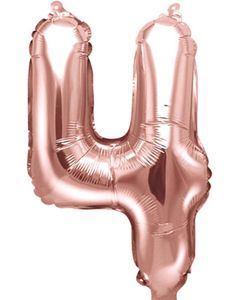 Talet 4 - Roséguldfärgad 35 cm Folieballong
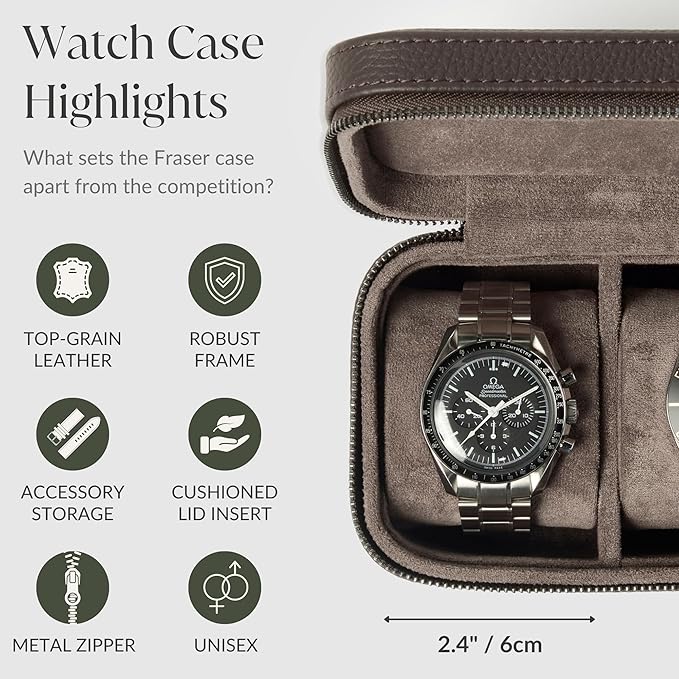 TAWBURY 3 Watch Case Top-Grain Genuine Leather Travel Case Roll for Men - Brown
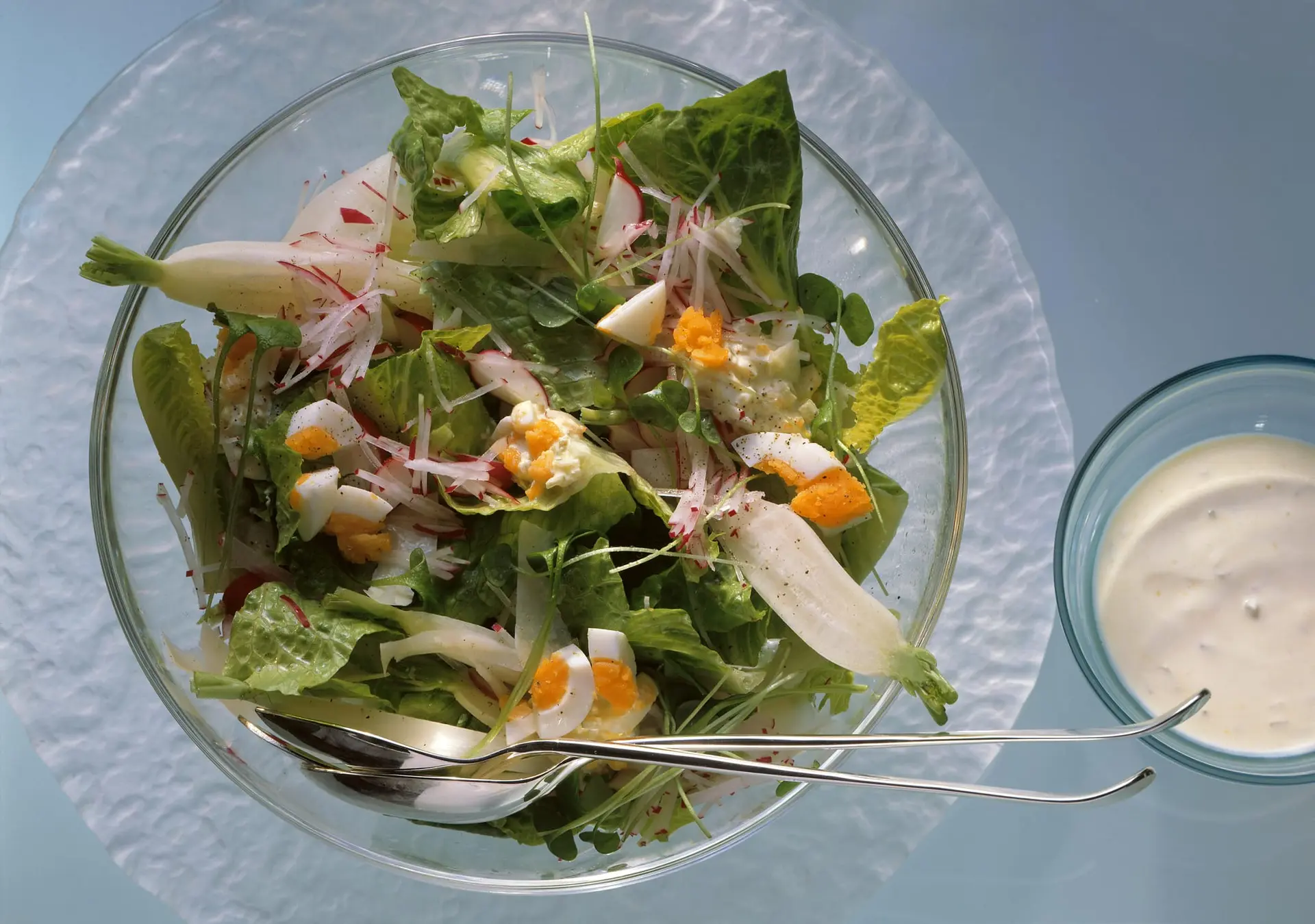 Salade romaine avec pourpier, radis glaçons, radis et œufs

**Exercise objective**
Output the material word for word. Pictures do not go in.

**Solved exercise**
 Talet 4 - Roséguldfärgad 35 cm Folieballong
 TAWBURY 3 Watch Case Top-Grain Genuine Leather Travel Case Roll for Men - Brown
 Salade romaine avec pourpier, radis glaçons, radis et œufs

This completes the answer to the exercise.